One of the most eye-catching changes is the removal of a retail investor minimum investment threshold, previously set at €10,000 ($10,946).
Other key changes include:
A requirement to invest a minimum of 55% in eligible assets (previously 70%).
An expansion to the definition of what qualifies as eligible assets.
A framework that will allow for redemptions before the end of the fund’s term.
An increase in the amount that can be invested in a single asset (rising to 20% from 10% previously).
Rise in the borrowing cap from 30% of the ELTIF’s capital: up to 50% of the ELTIF’s net asset value for retail investors, and to 100% for those ELTIFs that are reserved for professional investors only.
What happened this week?
January 10 was the date from which the revisions apply. However, a set of Regulatory Technical Standards (RTS) that will determine the details on issues such as the amended redemption framework and minimum holding periods are still pending finalization.
Following a consultation launched in May 2023, the European Securities and Markets Authority (ESMA) published its proposals for Level 2 RTS on December 19 last year (Level 1 RTS have already been incorporated) and will require agreement from the EC before being eligible for final approval from the European Parliament and Council.
What happens next?
The EC has up to three months to adopt ESMA’s Level 2 RTS proposals (although that period can be extended and the Commission could also request changes to the draft), after which the European Parliament and Council have another three months to review and approve them.
‘While the aim is that with ELTIF 2.0 there will be more uptake of ELTIFs, the RTS hasn’t come into force yet and exactly how it’s all going to look is still yet to be seen,’ said Proskauer’s Unadkat. ‘So, we’re still in a bit of an unknown. Certainly, the aim is that there should be more of an uptake and certain requirements have been relaxed under the new rules – but there’s still a bit of uncertainty.’
Importantly, the amendments also contain grandfathering provisions. ELTIFs that are authorized before the date of application of the amendments will be considered compliant for five years from the application date (although they can opt into the new regime earlier). The ELTIFs that were authorized before the date of application, and do not raise further capital, will be deemed compliant throughout the life of the fund.
The final word
‘It’s a movement in the right direction. Some of the more technical elements are still yet to be completely worked through but it's likely, at least initially, that interests in these vehicles will continue to be distributed through private banks and similar kind of networks, which naturally lend themselves to more high net worth retail investors,’ said John Verwey, Partner at Proskauer.
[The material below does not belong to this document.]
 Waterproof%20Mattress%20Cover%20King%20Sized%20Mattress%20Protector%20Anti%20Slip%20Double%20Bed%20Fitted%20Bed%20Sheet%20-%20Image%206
‘In terms of institutional investors and directing capital to the areas that some institutional investors have otherwise avoided, I think, similarly, it’s really whether the kite mark of an ELTIF will encourage people that otherwise weren't investing in that asset class to invest in it. I think that we just don’t yet know how much of a pull that could be. I certainly don’t think it’s going to hurt and I think the liberalization of requirements certainly push in the right direction.
‘Whether or not we’ll see a sea change? For the next 12–24 months, the jury's out, we just have to wait and see.’
The opinions and facts included within the above do not constitute investment advice. Professional advice should be sought before making any investment or other decisions. Preqin providing the information in this content accepts no liability for any decisions taken in relation to the above.